The test is minimal, as an example, if removing the FFT the problem disappears.
However, even if it is not shown in the test, but it seems to me that if running another kernel execution instead of the FFT the problem persists, hence it should not be a problem of cufft.
We have been able to flush out errors that memtestG80 cannot detect.
You can try to run the test10 continuously like since it is the most intensive one
./cuda_memtest --disable_all --enable_test 10 -exit_on_error
gshi,
thanks for the memtest and for the advice. You were right, your memtest fails where the other one successes.
It seems the problem relies on the driver: we are now using the 185.18.14, after installing it the problem has apparently disappeared, but later it has appeared again (your test started to fail). The error disappears for a while by removing the driver with rmmod and loading it again with insmod.
By the way after using your test we encounterd the error on devices 2 3 and 4 too.
You can find it from the “Display Driver Archive Link” that is on the upper left of the download page for the current driver. Or shortcut here to x86_64 drivers (not sure what you’re using):
So 180.51 seems to not have the same susceptibility to errors as the 185 series drivers, however- I think 185 was made specifically for cuda 2.2 feature support (that’s a guess). I don’t know what pieces of cuda2.2 break with 180.51. Basic tests seem to work ok, but I haven’t tested exhaustively. I’d rather just see a 185 series fix.
When it is in the clean state no errors occur (for a while). After cleaning the state once more tests have run for 10 hours last night without any error. It seems your ansatz (that errors are related to unusual termination of programs, i.e. ctrl+c) to be right.
This is one error message
06/08/2009 17:26:51 cuda_memtest errors found in tesla[0]

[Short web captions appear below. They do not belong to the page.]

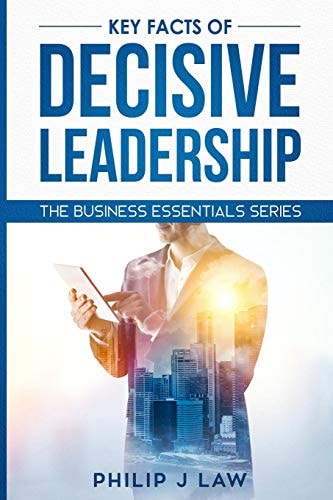 Key Facts Of Decisive Leadership The Business Essentials Series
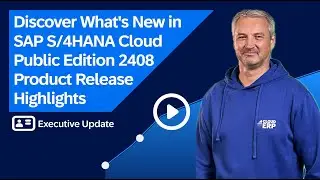 What's New in SAP S/4HANA Cloud Public Edition 2408  – Product Release Highlights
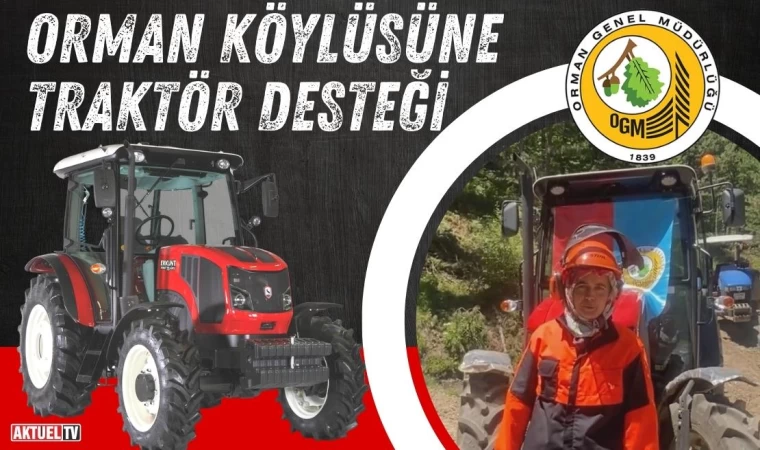 Orman Köylüsüne Traktör ve Malzeme Desteği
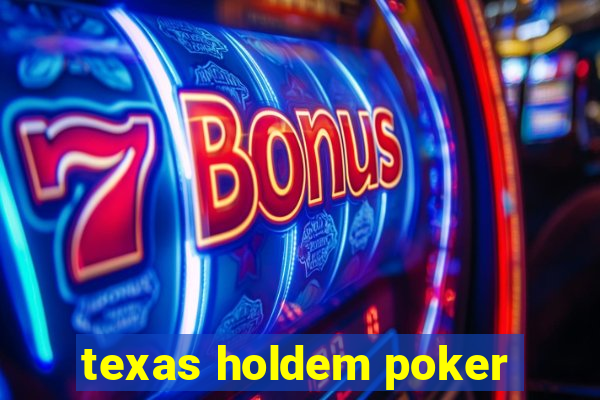 texas holdem poker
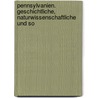 Pennsylvanien. Geschichtliche, Naturwissenschaftliche Und So by Gerhard Rath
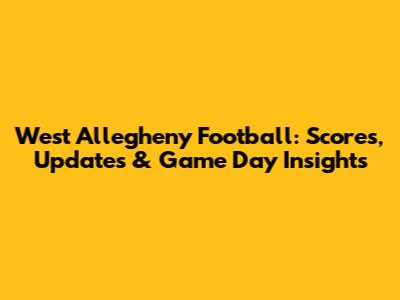 West Allegheny Football: Scores, Updates & Game Day Insights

Yeap, these error messages from the cuda2.2 bug, not from the actual hardware errors.
We have used the test to run over 500+ GPUs. The slowest to find a hardware error is 12 hours, i.e. the error appears around once in 12 hours.
Since you have have run it 10+ hours without problem, I think the chance is small to detect any error although you may run it longer (24 hours) to see what happens.